My problem is a couple days ago I spoke with a specialist from Sunderland royal on the ward I’m assigned too which is the epilepsy unit. I tried my best to explain what’s going on but was told it was “anxiety” over the phone within 5 minuets of talking not able to get many words out and being called silly and Ludicrous for “trying to self diagnose” from saying my mother had MS and neurological problems run in my family generation to generation.
How could I be self diagnosing when I haven’t googled any of my issues due to how scary it is to be going through all of this daily, all I did was try to inform this lady of my issues and tried to ask for help. My hope was I’d be taken seriously only to be called, silly, ludicrous and shouted over to be rushed off of the phone. I was told I might get one single MRI of the Brain to prove my idiocy’s and put this ludicrousy behind to go on medication for epilepsy, depression and Anexiety (even though I’ve never been diagnosed with anxiety and told I don’t have any signs of anxiousness by a mental health specialst) all these do is make my symptoms worse and make me brain dead.

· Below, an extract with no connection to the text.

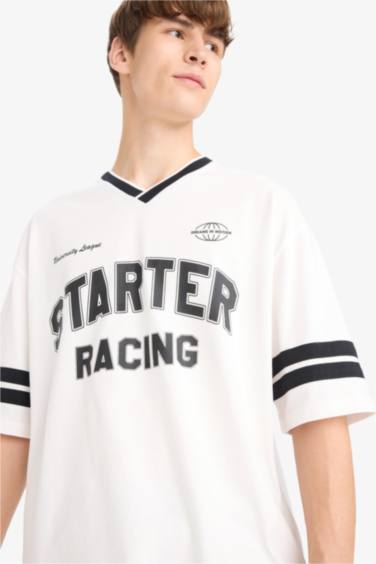 Loose Fit Crew Neck Short Sleeve T-Shirt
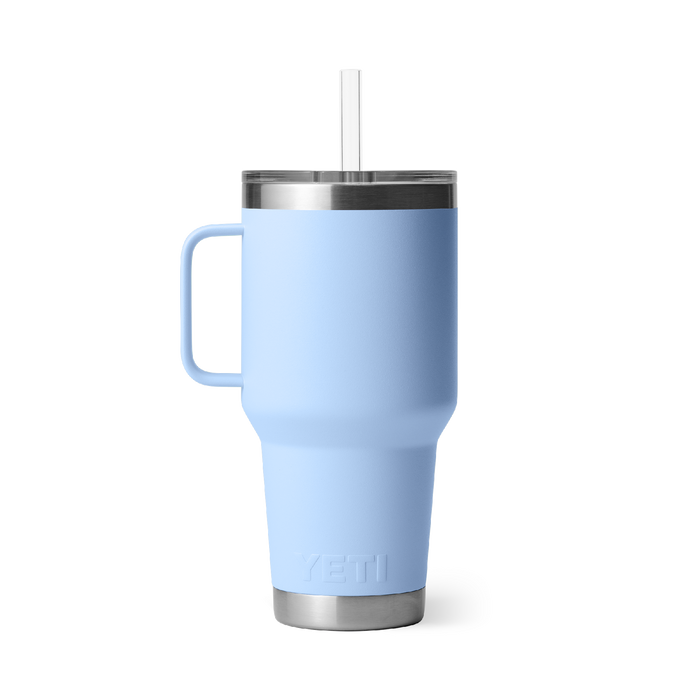 Yeti Rambler 35oz (1l) Straw Mug [col:big Sky Blue]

My shock to all this is that after this upsetting phone call I spent a day digging around on Google to see what the process should be like
Supposedly I need scans of my brain and spine, probably a couple of each.
So I’ve been in touch with PALS and launched a complaint however the stress of this has caused me to have more issues with back pain headaches and more issues in general with everything. Wishing they’ll help properly but can sadly never trust the systems.
I’m hopefully going to get a GP on the phone soon, fingers crossed they’ll listen and help me be referred elsewhere, while I’m in the process of being in this weird limbo where everyday seems to be a hope that something will be solved.
It’s hard to maintain hope through this and each morning I feel like never facing the day after these instances because even if I manage to be referred to a new team closer to my home in Durham they could just be pure arseholes like I’ve came across in the past 4 years and I’ll be back at square 1 again and again, just don’t know how much more of this I can honestly take. Each day, month, year spite my greatest intentions and hard efforts I seem to be fading away a little more with these symptoms and it’s frightening to me.
I don’t even know what’s going on it could be MS it could be other illness but I’m just not sure, I don’t know what I’d do if it kept being an uphill battle with trying to receive help.
Just hope to get to the root of it within the next couple years, know that it’ll never be cured whatever Is happening but at least with a diagnosis I can start to work with a medication that actually helps and home therapy in forums of right exercise and food so on to treat this and lead life as best as I can.
I can’t live my life properly right now and I just wish I could get on a little better with things.
I know this is a long read and I’m sorry if it’s upsetting, don’t know what to expect putting this up here don’t really have any expectations in general.
Just hoped to be understood and heard it’s kind of like shouting into a void at this point but maybe there’s someone out there coming across this who has been through similar and can advise or sympathise on where to go next.
Just wish I knew what was going on.
If you’ve read all this I salute you, sorry to take up so much time of your day and hope you have a good one also.
Take care :).
Update as of fri 7th may 2021 : blood and physical tests to be ran soon
Hopefully scans and so forth to be done in few months.